Life in the Slow Lane: We're All Melting
What a week! Okay, so I know other places are hotter than Cornville but I don't know that I've ever been more miserable...not even when I lived in Corpus Christi, Texas or New Jersey. I'm a Westerner, born (Montana) and raised (Denver, mostly) and have lived most of my adult life in Arizona (Phoenix, mostly). It's dry out here while on the other side of the Rockies mid-summer days can feel as though like someone turned on a sticky, warm, trickling shower. The only upside is that my hair curls in the humidity.
Well, it's curling now even though I'm sitting inside my wonderfully air-conditioned house. This, when it's cloudy and only 94 degrees outside. That's the result of living in Phoenix for so many years.
Anything under 100 degrees isn't really hot. There are big fluffy thunderheads cresting over House Mountain, building steadily higher and growing ever more white. Of course, what I can see over the mountain is really up in Flagstaff. Now, that's mind-bending. How tall are those things?
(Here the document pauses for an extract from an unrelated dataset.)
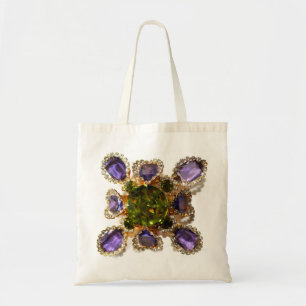 Elegant diamonds purple green gemstones tote bag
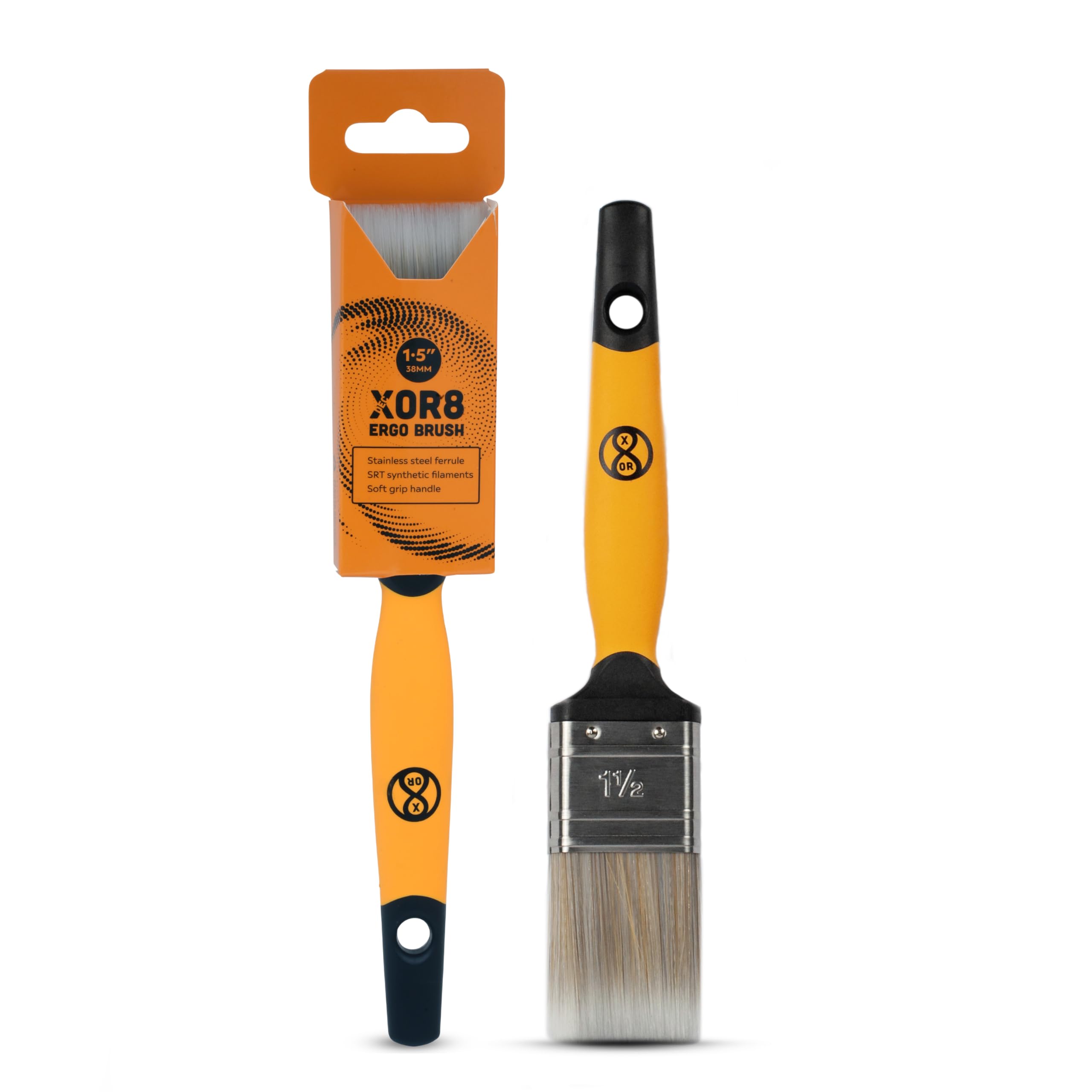 XOR8 Ergo Brush 1.5” (38mm) | Soft Grip Handle Paint Brush with Stainless Steel Ferrule & SRT Synthetic Filaments | Premium Paintbrush for Smooth & Precise Application, Orange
But those thunderheads and the storm they precede will likely never reach Cornville or me. That's because of the hills, mesas and mountains that surround this place. We have our own little storm-prevention shield. Instead, we have to watch as storm after storm drops needed moisture everywhere but here.
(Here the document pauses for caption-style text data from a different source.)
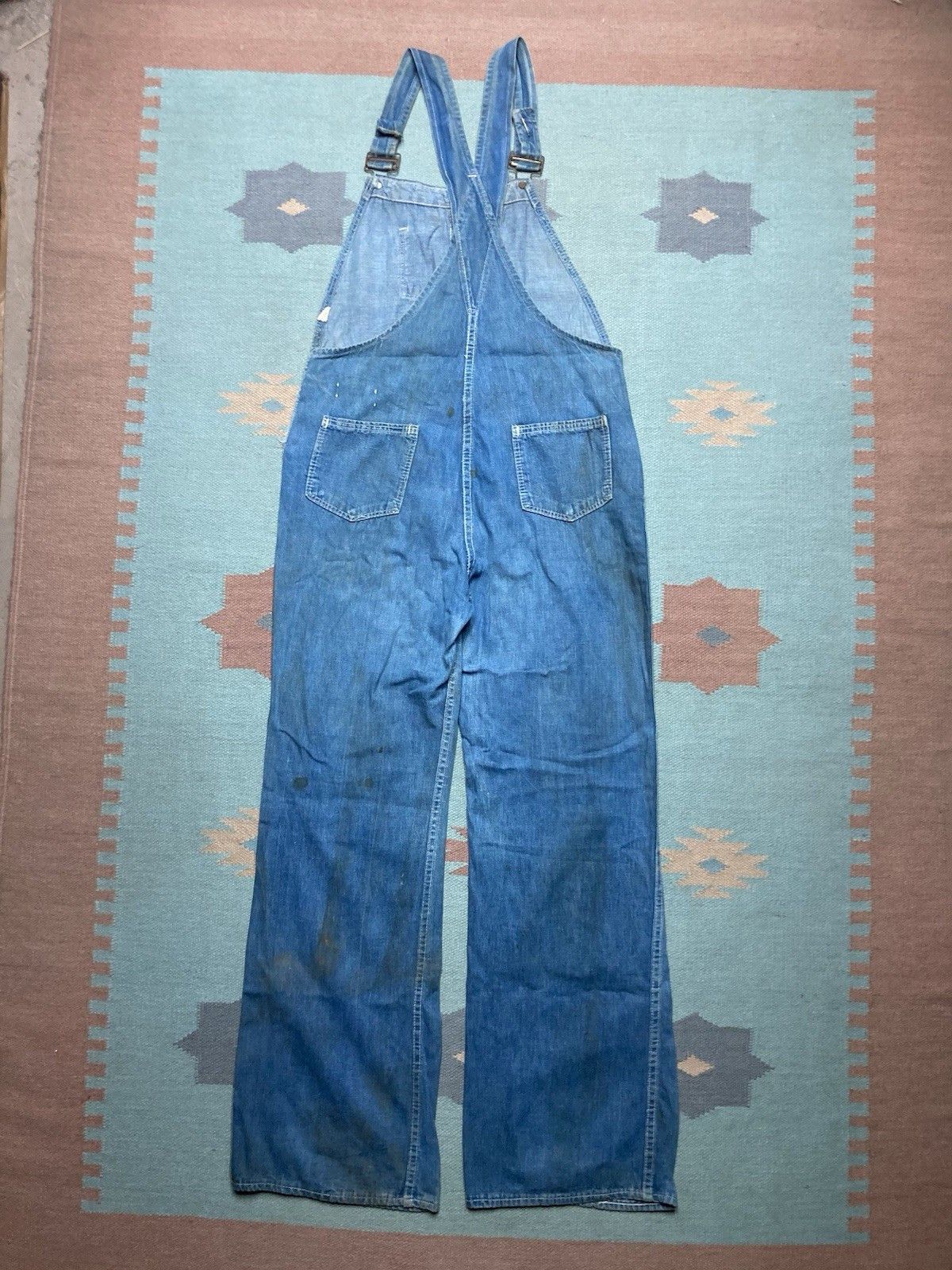 Vintage 60s sweet Orr denim overalls ace of spades faded farm 33x32 Size US 33 - 8 Thumbnail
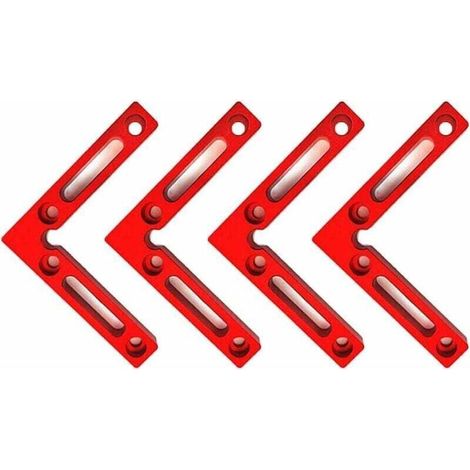 Lot de 4 équerres de positionnement à 90 degrés en alliage d'aluminium 11,9 x 11,9 - Équerres de serrage à angle droit pour le travail du bois (1/4)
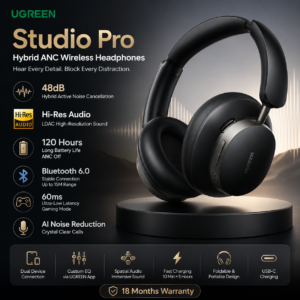 UGREEN Studio Pro Hybrid ANC Wireless Headphones promotional banner highlighting 48dB Hybrid ANC, Hi-Res Audio, 120-hour battery life, Bluetooth 6.0, AI noise reduction, and 18 months warranty.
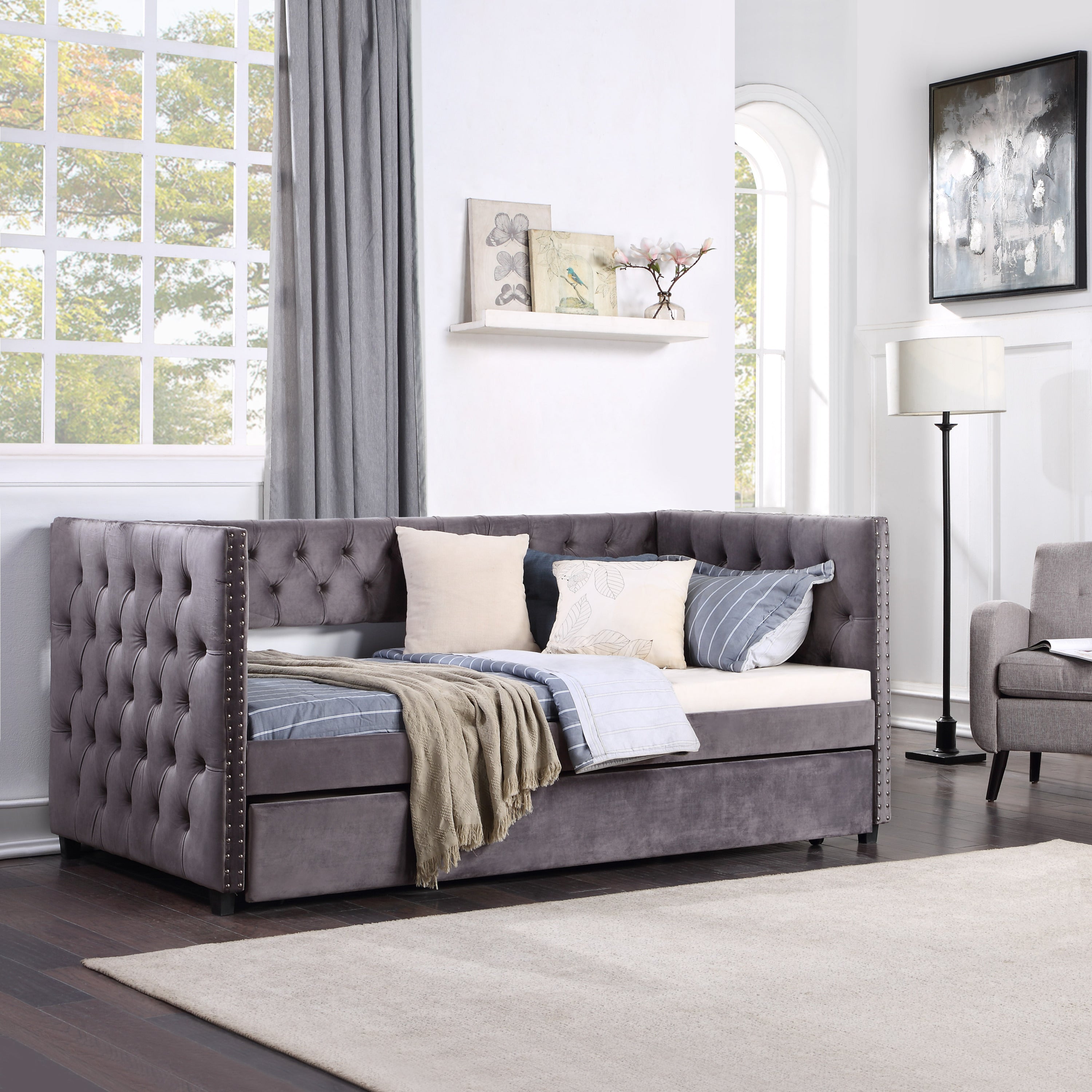 Twin Daybed with Trundle (Gray)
I'm not the only one inside just now. The dogs are sprawled on the floor near my desk, happily enjoying the fan. Moosie is laying on the clean floor, and it will be clean when he gets up to go back outside. Bear is like the character Pigpen from "Peanuts". He sheds dirt in large, continual clouds, leaving piles wherever he's stayed for longer than a moment.
Outside, some of my birds are snuggled deep into the clover in the pasture. I irrigated last night and the soil is still moist and cool.
The others are under the trees at the back of their barn. I have a leaky irrigation valve back there that's created a nice little mudhole.
From youngest to oldest, the birds take turns standing in the glop, then make their way to the ditch and rinse their feet. Apparently, this has a cooling effect.
As for the cats and the sheep, neither of those species--at least of the members of those species that live on this farm--seem affected by the heat or humidity. On the patio, one of my cats is sound asleep on my patio, stretched out on the NEW cushions I got for my outdoor furniture, while down in the orchard the sheep don't even seem to be panting despite their wool coats. I guess I shouldn't be surprised. Both species originate in the Middle East.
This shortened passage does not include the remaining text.